La religión de la fe es la que se abre a la posibilidad de que Dios salga al encuentro del hombre y le hable. No desprecia la razón pero no considera que sea la última instancia. Tal es el caso del cristianismo, que incorporó la filosofía griega no solo para la inteligencia de la fe, sino porque cree en la razón como medio de alcanzar la verdad o, al menos, verdades.
La religión de la pulsión es la que rinde culto al instinto, rechazando todo arbitrio de la razón.
En puridad la única religión es la segunda, pero llamo religiones a las otras dos por el fervor religioso con que a menudo se viven.
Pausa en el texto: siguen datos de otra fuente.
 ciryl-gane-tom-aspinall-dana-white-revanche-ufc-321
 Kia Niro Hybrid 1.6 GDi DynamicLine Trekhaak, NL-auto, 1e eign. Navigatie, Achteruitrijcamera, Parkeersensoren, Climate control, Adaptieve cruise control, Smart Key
La religión de la pulsión, ahora vigente, tiene como raíces el pesimismo luterano y el optimismo rusoniano, dos caras de una misma moneda con la que se compra la irresponsabilidad personal y un concepto de libertad sin referencia a la verdad, es decir, una libertas reducida a libre albedrío.
En realidad, como la pulsión no piensa, precisa de la razón para elaborar su sistema. La diferenciación entre género y sexo no es otra cosa que un idealismo despreciador de los hechos y de la naturaleza. Es curioso que la reconciliación entre naturaleza y cultura que está en el origen del pensamiento contemporáneo se salde con una anulación de la primera por parte de la segunda. La naturaleza, en realidad, deja de existir. Todo se convierte en autosuficiencia idealista.
Las teologías mítica, física y civil de las que hablara Varrón no lograron impedir que el Estado romano divinizase al emperador, traicionando por tanto a la filosofía racional, y utilizando el mito al servicio del poder. La razón murió aplastada entre el mito y el Estado.
En la modernidad, la filosofía se ha convertido en lacaya de las ciencias exactas y experimentales, o en divinizadora del Estado o el mercado, proporcionando un cúmulo de razonadas sinrazones que permiten un control estatal sin precedentes en nombre del pueblo. Un movimiento, el ilustrado, que se rebelaba contra los dogmas cristianos ha devenido en fábrica de dogmas, a cual más tiránico.